日が暮れた頃──ラグナは学院に戻って来た。

そして、いつもの場所を訪れる。中庭の中心に聳えた樹木の下には、彼を待つアリステラが座っていた。その傍らには、最初に邂逅した時にラグナに敵意を向けた、彼女の従者であるミーアが控えていた。

ラグナは何も言わずに彼女の下へと近づく。ラグナに気付いたアリステラ達──アリステラはミーアのほうを向く。意外にも彼女は最初に出会った時とは嘘のように、アリステラとラグナに対して深く礼をしてからあっさりとその場からはなれる。

 そしてアリステラはラグナに対して「おかえりなさい」と、声を掛ける。ラグナもまた「ただいま」と、小さな声で返した。


「正直、もう居ないかと思ってた」

「貴方なら、此処に来るって思っていたから」

 

 普段の背中合わせの会話ではなく、キチンとお互いの姿を正面で見据えて二人は言葉を交わす。
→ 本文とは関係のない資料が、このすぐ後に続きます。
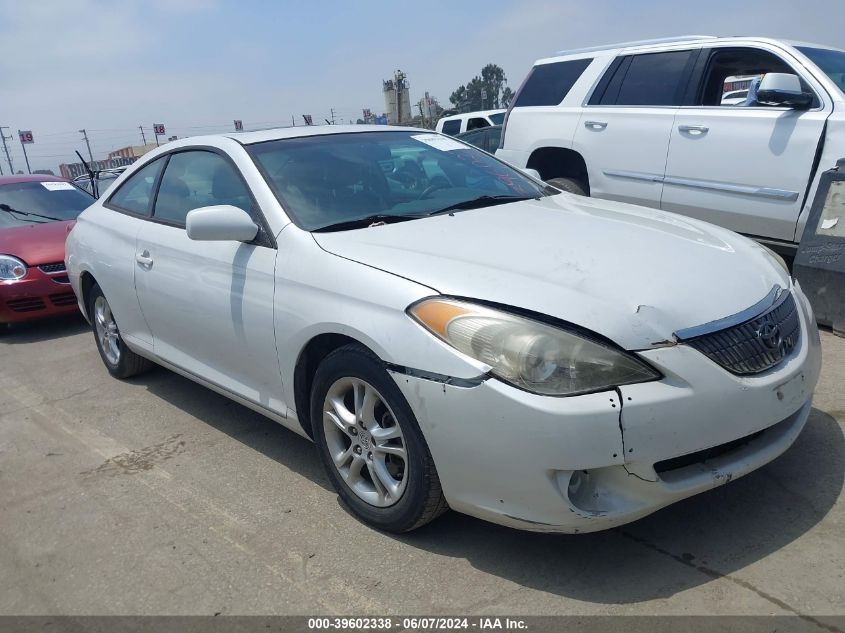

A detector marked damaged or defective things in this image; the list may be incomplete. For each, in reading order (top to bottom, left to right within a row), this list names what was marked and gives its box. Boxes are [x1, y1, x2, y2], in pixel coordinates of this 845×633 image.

「それに、もう会えなくなるのでしょう? 貴方が来るまで此処に居るつもりだったわ

「……ああ、そう言ったな」


 ラグナは数日前を思い出す。

 彼女に対して此処から去るということを言った……その結果、彼女と戦うことになった。だが、結果的に考えれば、ラグナはこれを好意的に受け取っていた。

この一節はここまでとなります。